Deshalb jetzt mal alle Maschinen stopp – und noch etwas in Vergessenheit Geratenes tun: wie das Mädchen Momo aufmerksam und ohne jede Ablenkung zuhören. Zugegeben, eine Maschine muss man dafür doch einstellen. Den CD-Player. Denn heute erscheint das liebevoll arrangierte neue Hörspiel „Momo“. Regisseur Robert Schoen hat die alte Geschichte nur geringfügig gekürzt und mit großartig ausgewählten Sprecherinnen und Sprechern inszeniert.

Sobald Friedhelm Ptok als Erzähler beginnt, wird einem warm ums Herz. Die erst elfjährige Paula Drescher begeistert in der Hauptrolle. Sie ist eine aufgeweckte, einfühlsame und ganz schön mutige Momo. Andreas Fröhlich ein sanfter Meister Hora. Und weil das alles zusätzlich von Tobias Unterbergs träumerischen Kompositionen unterlegt und ergänzt wird, müssten schon wirklich ausgebuffte graue Herren daherkommen, damit man gedanklich abschweifte.

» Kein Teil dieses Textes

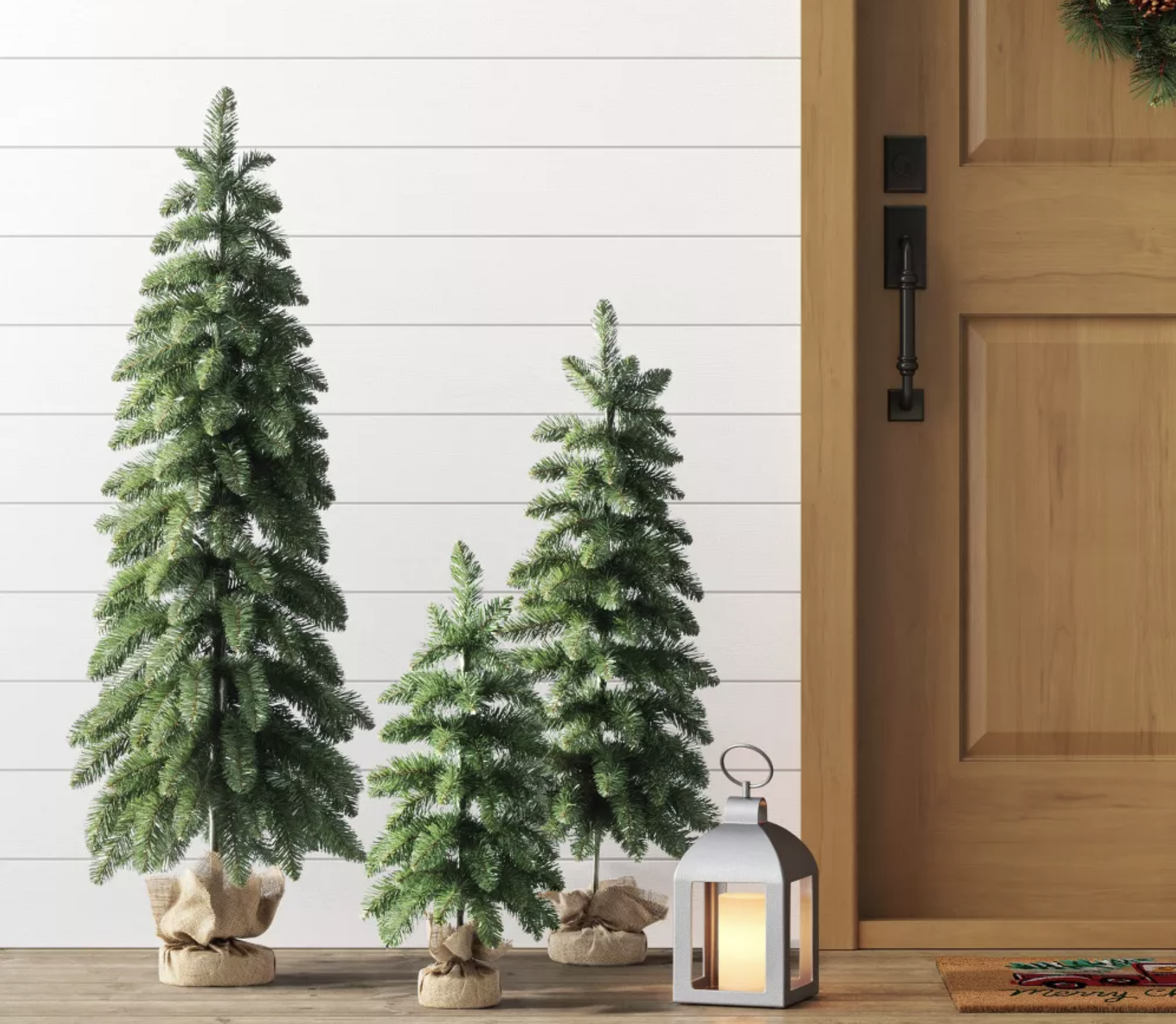 3pc Unlit Downswept Alberta Spruce Mini Artificial Christmas Trees with Burlap Base trees on a porch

Am 1. September 1973 ist „Momo“ einst erschienen. Seither hat sich Endes Roman mehr als zwölf Millionen Mal und in 53 Sprachen verkauft. Kleine und große Hörer ab zehn Jahren wissen, warum. Im Grunde kann man all die Ratgeberbücher dieser Welt in eine große Tonne schmeißen – in „Momo“ ist alles notiert, was uns gehetzte, ausgebrannte, daueraktive Möchtegern-Multitask-Experten erdet. Mehr Langsamkeit wagen, auch: mehr Langeweile. Einander ehrlich zugewandt sein. Weniger tippen, mehr streicheln. Weniger fotografieren, mehr sehen. Weniger sharen, mehr teilen. Und darauf vertrauen, dass die Welt nicht untergeht, wenn das WLAN versagt. Fun Fact: Sie geht auf. Kopf hoch und erleben. Tick tack. Tick tack.

Robert Schoen:

„Momo – Das Hörspiel“ (Silberfisch).